Menjelang Ramadhan tiba, tidak hanya tradisi manggelek saja yang menjadi khas di kampung kami. Sehari sebelum puasa, atau kami menyebutnya potang balimau juga sangat menarik. Satu atau dua hari menjelang Ramadhan, biasanya di rumah-rumah kami menjadi sedikit sibuk. Mak kami masak makanan lebih istimewa dari hari biasanya.

Beberapa ekor ayam peliharaan kami ditangkap dan dibantai. Ini sangat istimewa buat kami, karena asal kalian tahu, kami jarang sekali makan daging ayam. Kalau tidak kami sedang sakit dan tak mau makan, atau sedang musim ayam sakit, biasanya di situlah kami bisa makan daging ayam. Tapi menjelang Ramadhan, nyaris semua rumah memotong ayam. Kalau yang dibantai “Apak Ayam” yaitu ayam jantan besar, maka biasanya Mak akan mengolahnya menjadi rendang ayam yang begitu nikmat. Agar hasilnya jadi banyak, biasanya Mak akan mencampur rendang ayam tadi degan singkong atau kentang kecil-kecil, atau diberi tambaham daun Tapak Leman. Pokoknya spesial deh…

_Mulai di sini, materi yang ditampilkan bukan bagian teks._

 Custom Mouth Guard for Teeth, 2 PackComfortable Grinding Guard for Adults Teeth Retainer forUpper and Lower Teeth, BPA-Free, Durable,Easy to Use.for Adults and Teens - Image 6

Selain lauk, Mak kami juga membuat penganan lain, seperti Lemang, Sarikaya, Lopek, Oluo dan Kalamai. Semua dibuat dalam jumlah yang lumayan banyak. Sorenya, kami akan pergi ke rumah Nenek, Mak kami pai Manjolang Mintuo. Makanan dibawa di dalam rantang dan kami bersama pergi ke rumah Nenek, untuk meminta maaf dan meminta restu menjelang masuk puasa. Selain itu, kami juga akan pergi ke rumah “Mamak”, paman dari pihak ibu. Semua seperti itu di kampung kami. Intinya, yang muda mendatangi yang tua, bermaaf-maafan.

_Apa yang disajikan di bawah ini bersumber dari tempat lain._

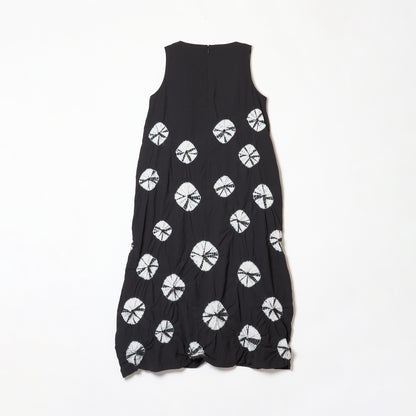 Rolled-Up Shibori Sleeveless Dress, Amundsen/Tie-Dye Color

Sebagai orang pendatang di kampung ini, Mak juga mengikuti tradisi ini. Kami sama-sama berkunjung ke rumah Niok Riama, nenek angkat kami di sini.

Selain menyiapkan hidangan istimewa, setiap rumah juga menyiapkan ramuan untuk mandi sore menjelang puasa. Mandi Balimau kami menyebutnya. Ramuan yang terdiri dari beragam kembang, akar pohon, dedaunan dan jeruk purut ini di kampung kami disebut Kasai. Nanti ramuan itu direbus, dan air rebusannya dimasukan le dalam bejana air mandi kami. Aromanya harum sekali. Selain sebagai simbol pembersihan diri, Kasai juga menjadi pengharum alami.

Malamnya, kami tak lagi mengaji di Sughau Ujuong, seluruh warga berjamaah di masjid. Di awal Ramadhan biasanya masjid melimpah. Kami, anak-anak terpaksa harus mengalah dan membuat shap sendiri di teras masjid. Tapi sedikitpun tak mengurangi kebahagiaan kami menyambut datangnya bulan suci.

“Barang siapa yang bergembira akan hadirnya bulan Ramadhan, maka jasadnya tidak akan tersentuh sedikit pun oleh api neraka” Demikian hadist Nabi Saw yang selalu disampaikan oleh Tuok Muin pada kami saat menutup pengajian kami minggu lalu.

Semoga kita semua diberi kesempatan oleh Allah Swt untuk bisa melalui Ramadhan ini dengan sempurna, aamiin.